The dates are ISO 8601 UTC with zero time offset. For Moscow time, add +03:00 instead of Z at the end of the line: 2025-04-24T14:34:19+03:00.

Go to the folder hosting the Yandex Cloud API repository, create a folder named upload_data, and generate the client interface code in it. Then open the upload_data folder:

Bash

cd <path_to_cloudapi_directory> && \
mkdir upload_data && \
python3 -m grpc_tools.protoc -I . -I third_party/googleapis \
     --python_out=./upload_data/ \
     --grpc_python_out=./upload_data/ \
     google/api/http.proto \
     google/api/annotations.proto \
     yandex/cloud/api/operation.proto \
     google/rpc/status.proto \
     yandex/cloud/operation/operation.proto \
     yandex/cloud/validation.proto \
     yandex/cloud/speechsense/v1/*.proto \
     yandex/cloud/speechsense/v1/*/*.proto
cd upload_data

In the upload_data directory , create the upload_grpc.py Python script to upload your data to a SpeechSense connection as a single message:

import argparse
import json
from typing import Dict
import grpc
import datetime

from yandex.cloud.speechsense.v1 import talk_service_pb2
from yandex.cloud.speechsense.v1 import talk_service_pb2_grpc
from yandex.cloud.speechsense.v1 import audio_pb2

# For IAM token authentication, replace the `api_key` parameter with `iam_token`
def upload_talk(connection_id: int, metadata: Dict[str, str], api_key: str, audio_bytes: bytes):
   credentials = grpc.ssl_channel_credentials()
   channel = grpc.secure_channel('api.speechsense.yandexcloud.net:443', credentials)
   talk_service_stub = talk_service_pb2_grpc.TalkServiceStub(channel)

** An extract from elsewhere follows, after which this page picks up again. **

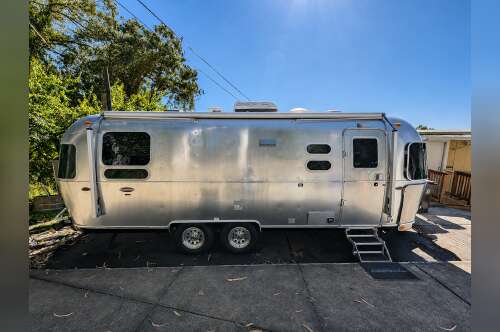 2017 Airstream INTERNATIONAL SIGNATURE 25RB in san pablo CA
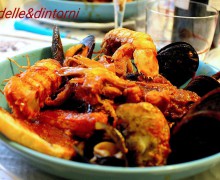 CACCIUCCO ALLA LIVORNESE ( Da una ricetta di mia madre quando lavorava nella Trattoria da Galileo) CACCIUCCO ALLA LIVORNESE ( Da una ricetta di mia madre quando lavorava nella Trattoria da Galileo)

# Forming a request to the API
   request = talk_service_pb2.UploadTalkRequest(
      metadata=talk_service_pb2.TalkMetadata(
         connection_id=str(connection_id),
         fields=metadata
      ),
      # Audio format: WAV
      audio=audio_pb2.AudioRequest(
         audio_metadata=audio_pb2.AudioMetadata(
            container_audio=audio_pb2.ContainerAudio(
               container_audio_type=audio_pb2.ContainerAudio.ContainerAudioType.CONTAINER_AUDIO_TYPE_WAV
            )
         ),
         audio_data=audio_pb2.AudioChunk(data=audio_bytes)
      )
   )
   # Authentication type: API key
   response = talk_service_stub.Upload(request, metadata=(
      ('authorization', f'Api-Key {api_key}'),
   # For IAM token authentication, provide the header
   #  ('authorization', f'Bearer {iam_token}'),
   ))

   # Displaying the dialog ID
   print(f'Dialog ID: {response.talk_id}')

if __name__ == '__main__':
   parser = argparse.ArgumentParser()
   parser.add_argument('--key', required=True, help='API key or IAM token', type=str)
   parser.add_argument('--connection-id', required=True, help='Connection ID', type=str)
   parser.add_argument('--audio-path', required=True, help='Audio file path', type=str)
   parser.add_argument('--meta-path', required=False, help='JSON with the dialog metadata', type=str, default=None)
   args = parser.parse_args()

   # Default values to use if metadata is not defined
   if args.meta_path is None:
      now = datetime.datetime.now().isoformat()
      metadata = {
         'operator_name': 'Operator',
         'operator_id': '1111',
         'client_name': 'Client',
         'client_id': '2222',
         'date': str(now),
         'date_from': '2023-09-13T17:30:00.000Z',
         'date_to': '2023-09-13T17:31:00.000Z',
         'direction_outgoing': 'true',
      }
   else:
      with open(args.meta_path, 'r') as fp:
         metadata = json.load(fp)

   with open(args.audio_path, 'rb') as fp:
      audio_bytes = fp.read()
   upload_talk(args.connection_id, metadata, args.key, audio_bytes)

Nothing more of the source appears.